## EXERCISE DESCRIPTION
Write out the listing from the line with "Wiesbaden, Germany. 25th" to the line with "Guestready - Spacious Flat In Bairro Alto", both lines included, exactly and nothing beyond. Leave pictures out.

*** Block opens ***

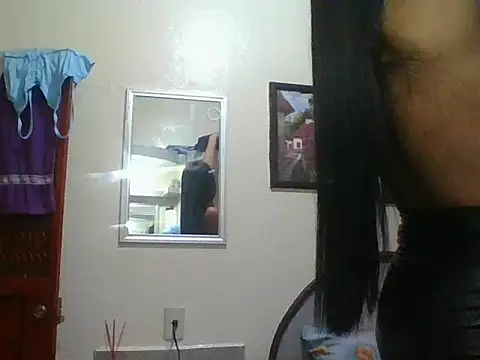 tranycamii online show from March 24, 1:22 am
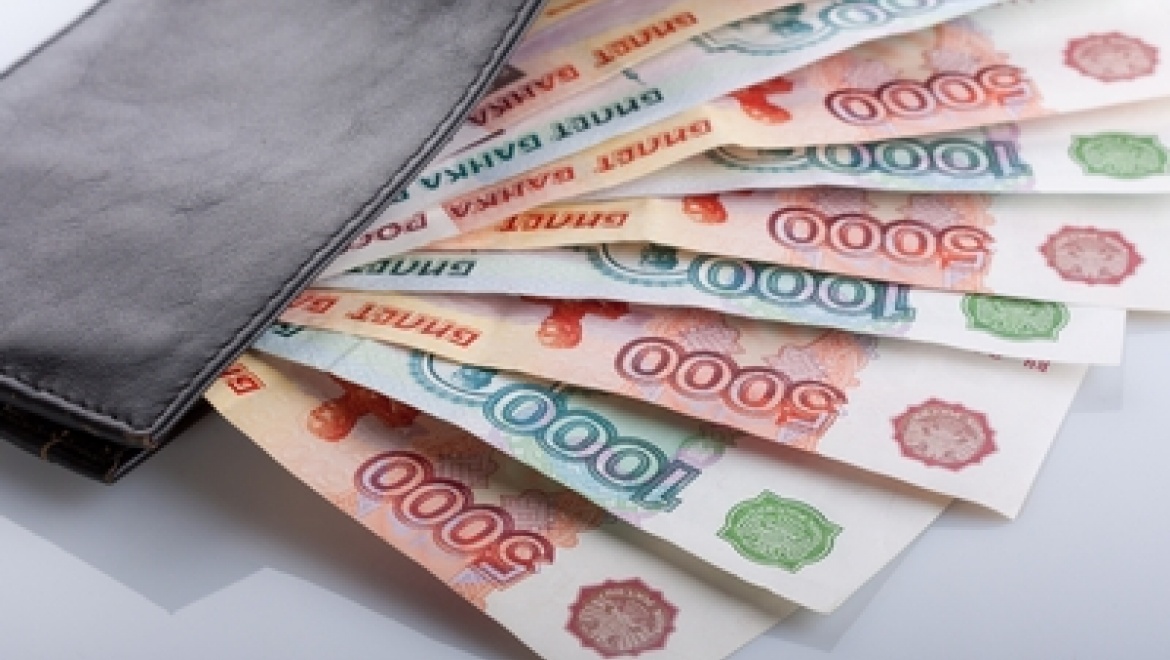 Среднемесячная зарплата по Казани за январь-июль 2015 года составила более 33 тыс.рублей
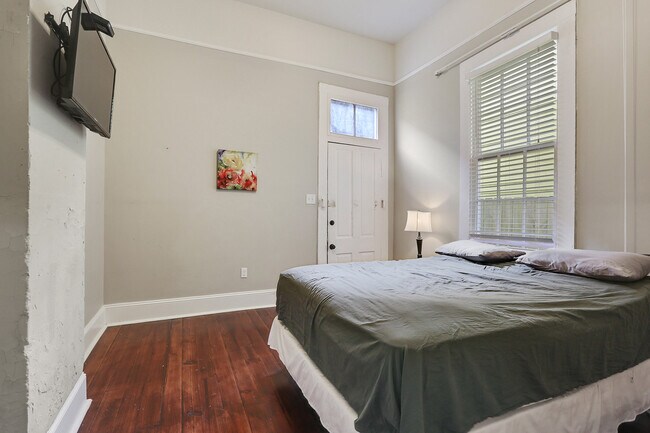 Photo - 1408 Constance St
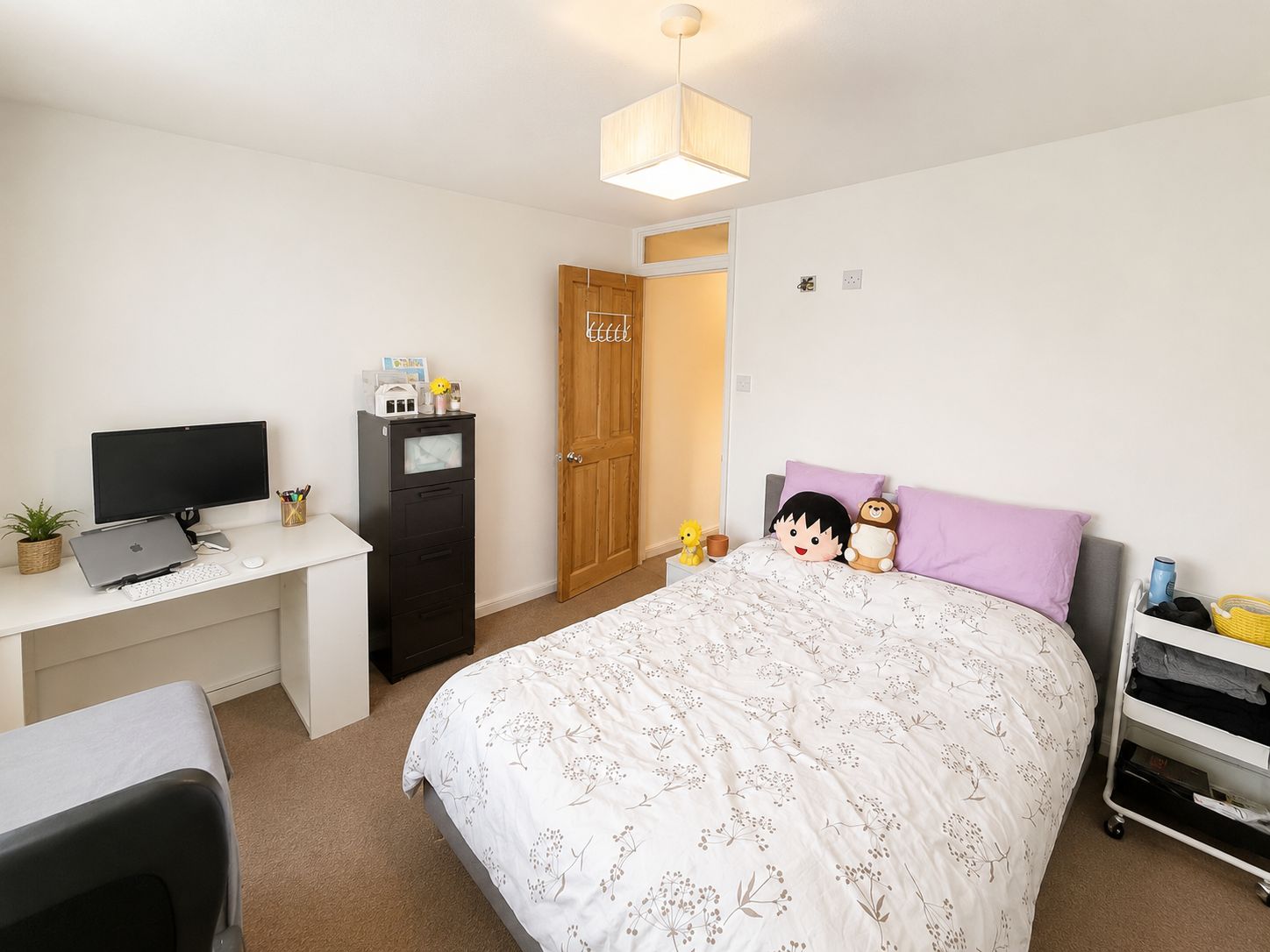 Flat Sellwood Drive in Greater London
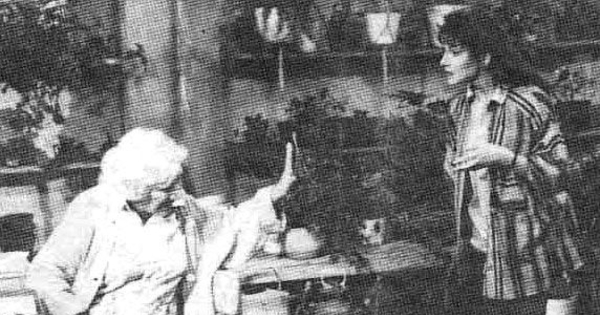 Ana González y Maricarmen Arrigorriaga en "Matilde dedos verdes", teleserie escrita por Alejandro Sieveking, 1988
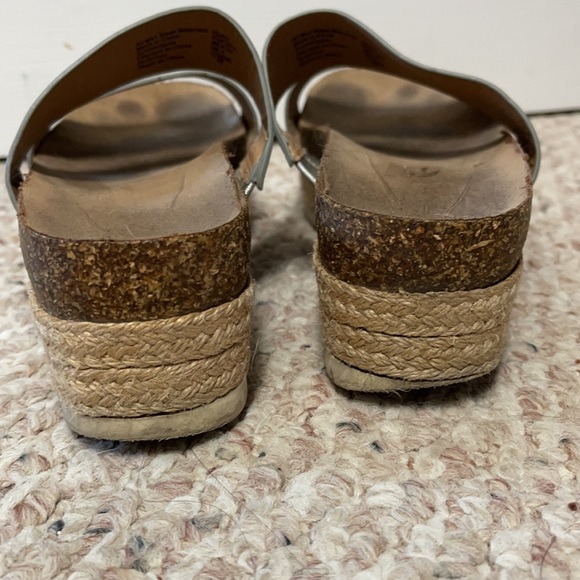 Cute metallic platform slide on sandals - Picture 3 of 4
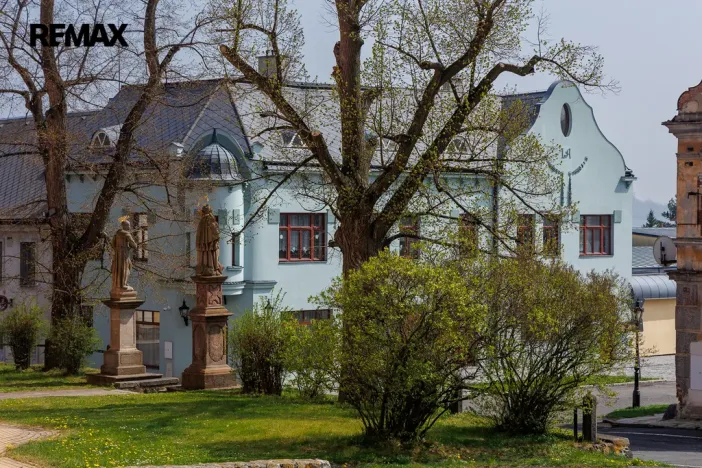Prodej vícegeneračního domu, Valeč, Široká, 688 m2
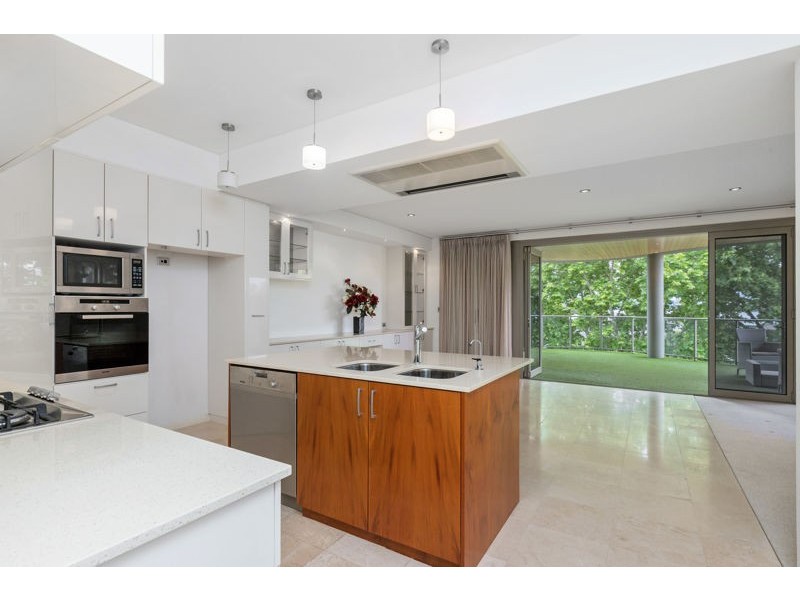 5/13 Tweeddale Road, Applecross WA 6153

*** Block closes ***
*** Block opens ***

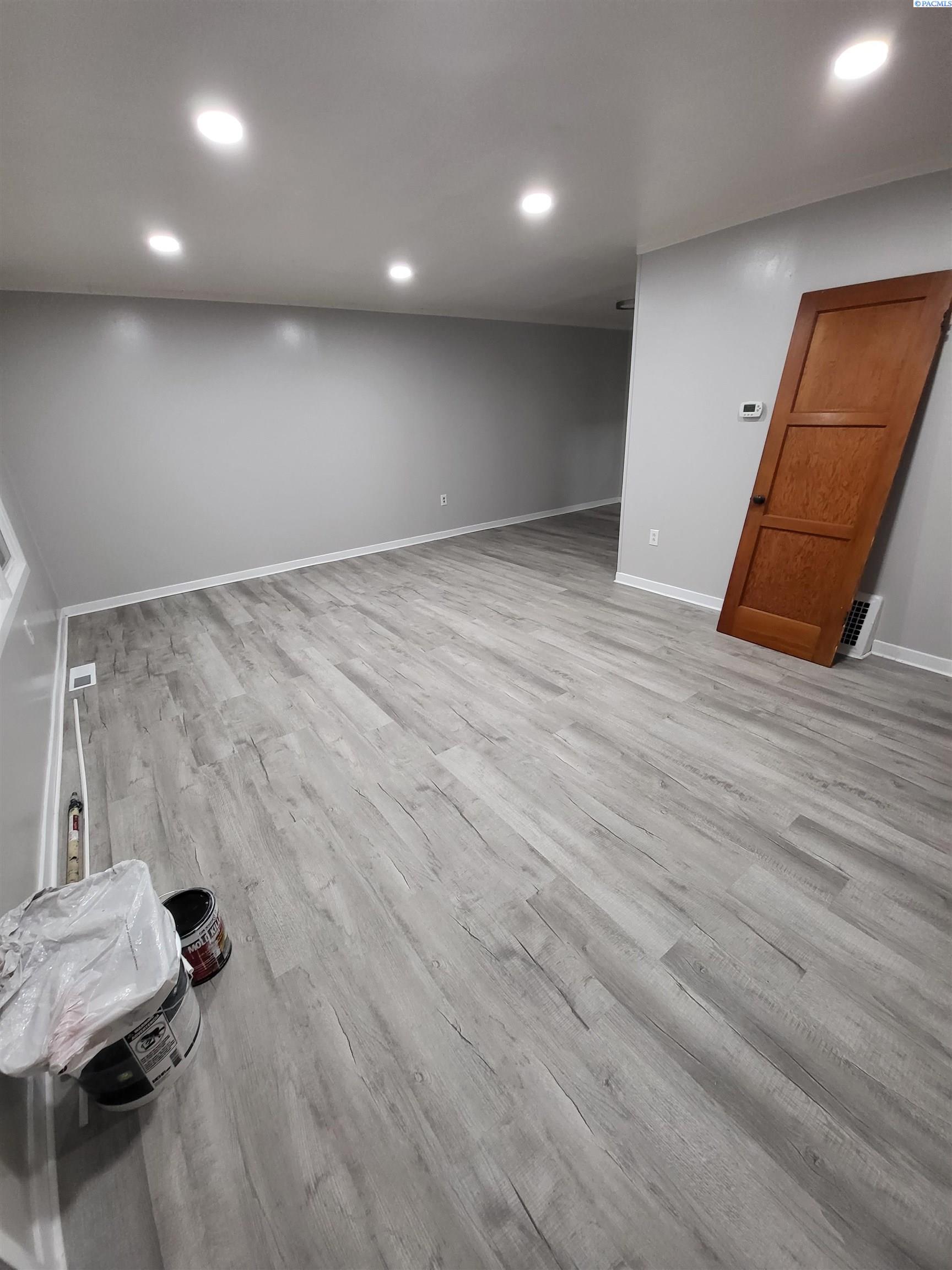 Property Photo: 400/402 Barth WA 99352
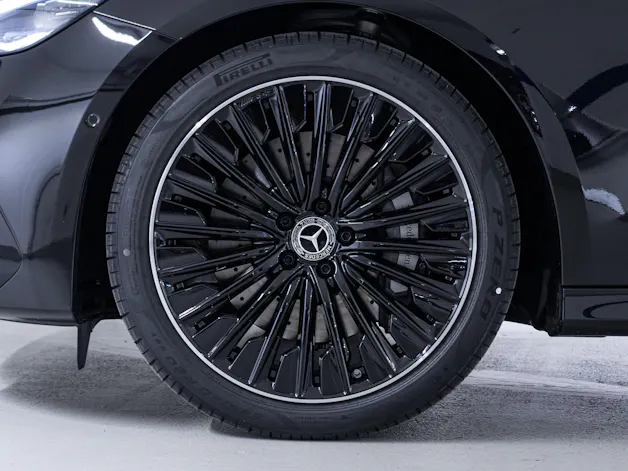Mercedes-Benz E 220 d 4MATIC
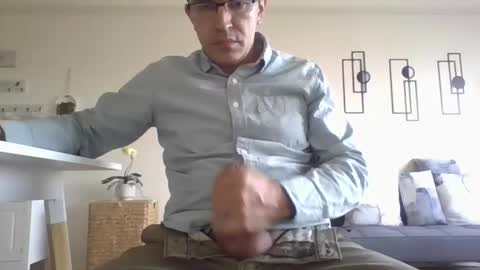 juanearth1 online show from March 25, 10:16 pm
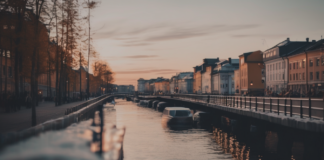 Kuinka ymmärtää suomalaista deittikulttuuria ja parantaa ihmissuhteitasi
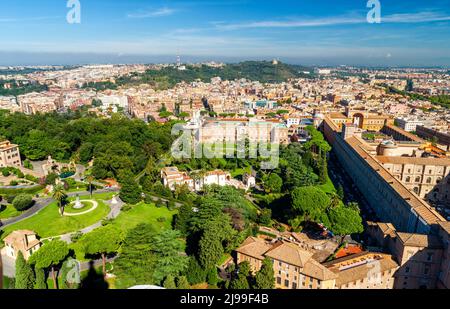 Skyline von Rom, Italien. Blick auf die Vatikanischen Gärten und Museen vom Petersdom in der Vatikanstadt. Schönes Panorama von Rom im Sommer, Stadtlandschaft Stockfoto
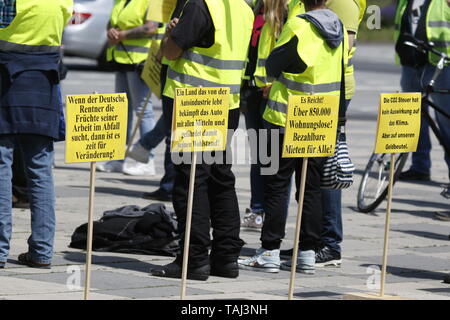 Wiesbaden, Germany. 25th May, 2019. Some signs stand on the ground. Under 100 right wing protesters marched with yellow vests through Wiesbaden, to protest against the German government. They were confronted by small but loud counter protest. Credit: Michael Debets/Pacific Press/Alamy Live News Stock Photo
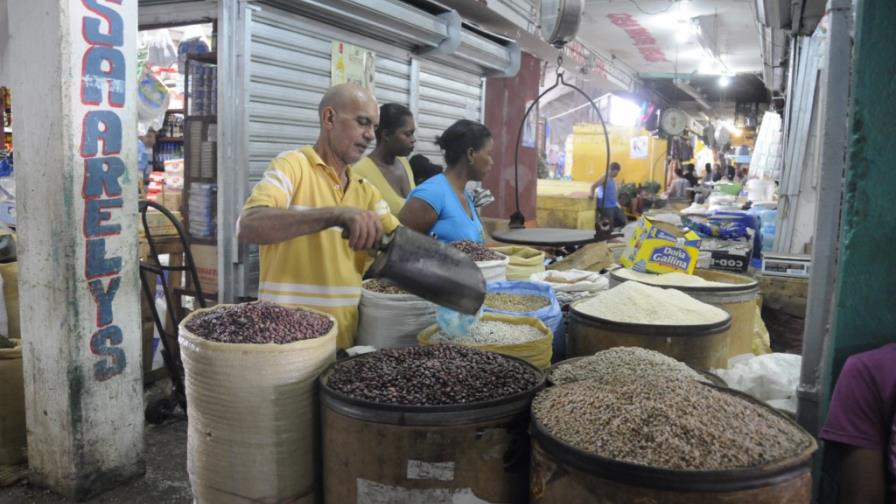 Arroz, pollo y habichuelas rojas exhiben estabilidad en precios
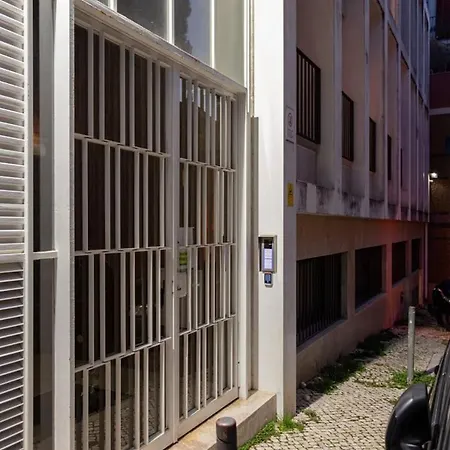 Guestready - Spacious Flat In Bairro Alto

*** Block closes ***

## FINISHED TASK
 Wiesbaden, Germany. 25th May, 2019. Some signs stand on the ground. Under 100 right wing protesters marched with yellow vests through Wiesbaden, to protest against the German government. They were confronted by small but loud counter protest. Credit: Michael Debets/Pacific Press/Alamy Live News Stock Photo
 Arroz, pollo y habichuelas rojas exhiben estabilidad en precios
 Guestready - Spacious Flat In Bairro Alto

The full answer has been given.